__AIM OF THE TASK__: Retype the listing exactly; omit pictures.

__COLLECTED DATA__:
* * * * * * * * *

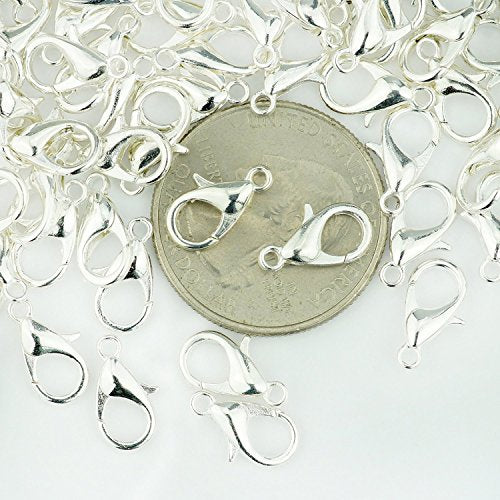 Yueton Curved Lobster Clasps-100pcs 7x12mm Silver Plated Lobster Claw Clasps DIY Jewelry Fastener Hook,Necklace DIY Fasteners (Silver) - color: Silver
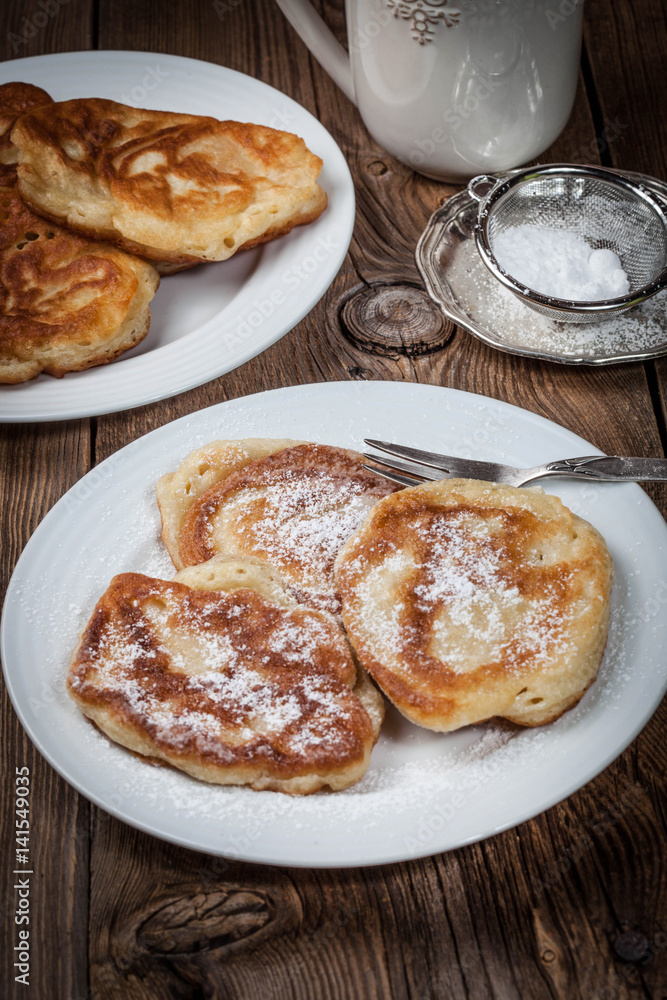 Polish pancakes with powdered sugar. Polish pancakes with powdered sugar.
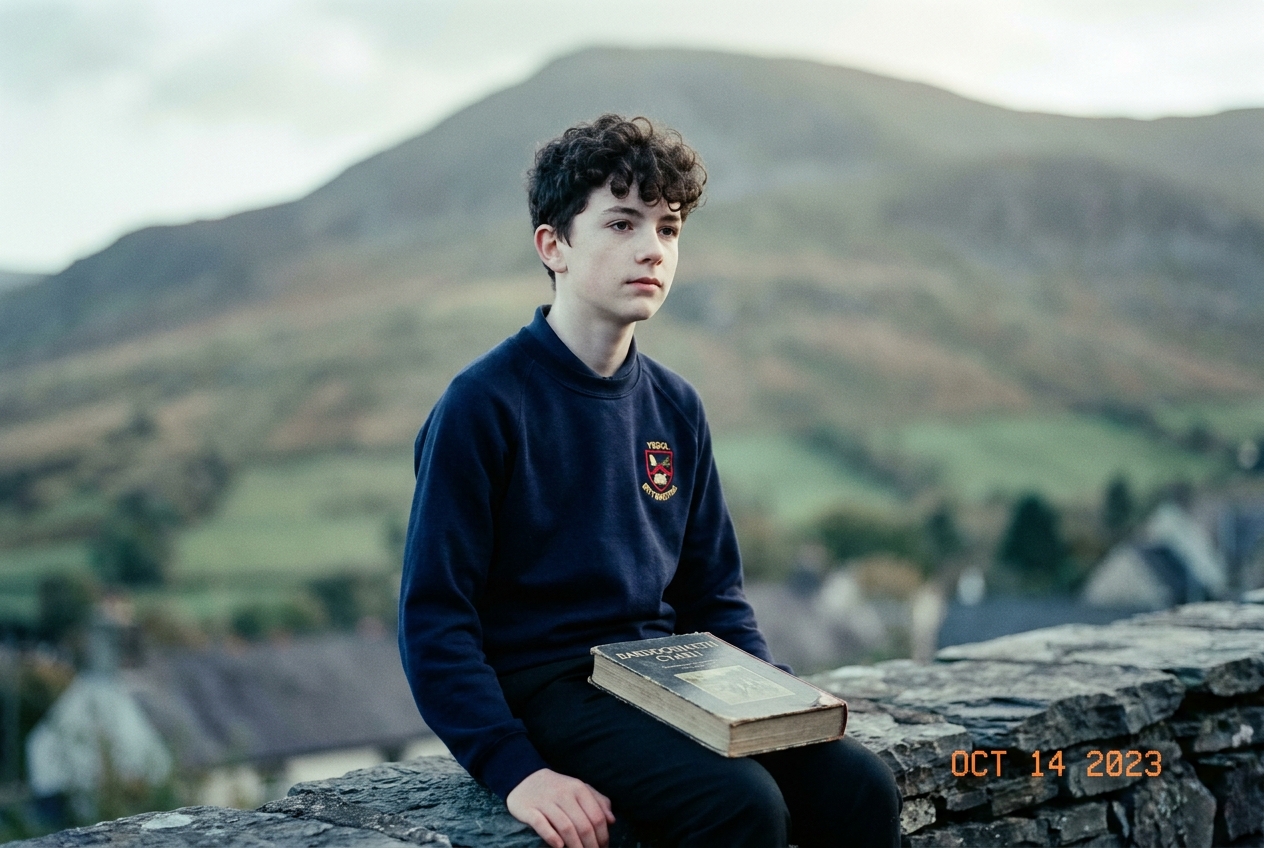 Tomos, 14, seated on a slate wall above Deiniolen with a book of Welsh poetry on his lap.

* * * * * * * * *

__TASK ANSWER__:
 Yueton Curved Lobster Clasps-100pcs 7x12mm Silver Plated Lobster Claw Clasps DIY Jewelry Fastener Hook,Necklace DIY Fasteners (Silver) - color: Silver
 Polish pancakes with powdered sugar. Polish pancakes with powdered sugar.
 Tomos, 14, seated on a slate wall above Deiniolen with a book of Welsh poetry on his lap.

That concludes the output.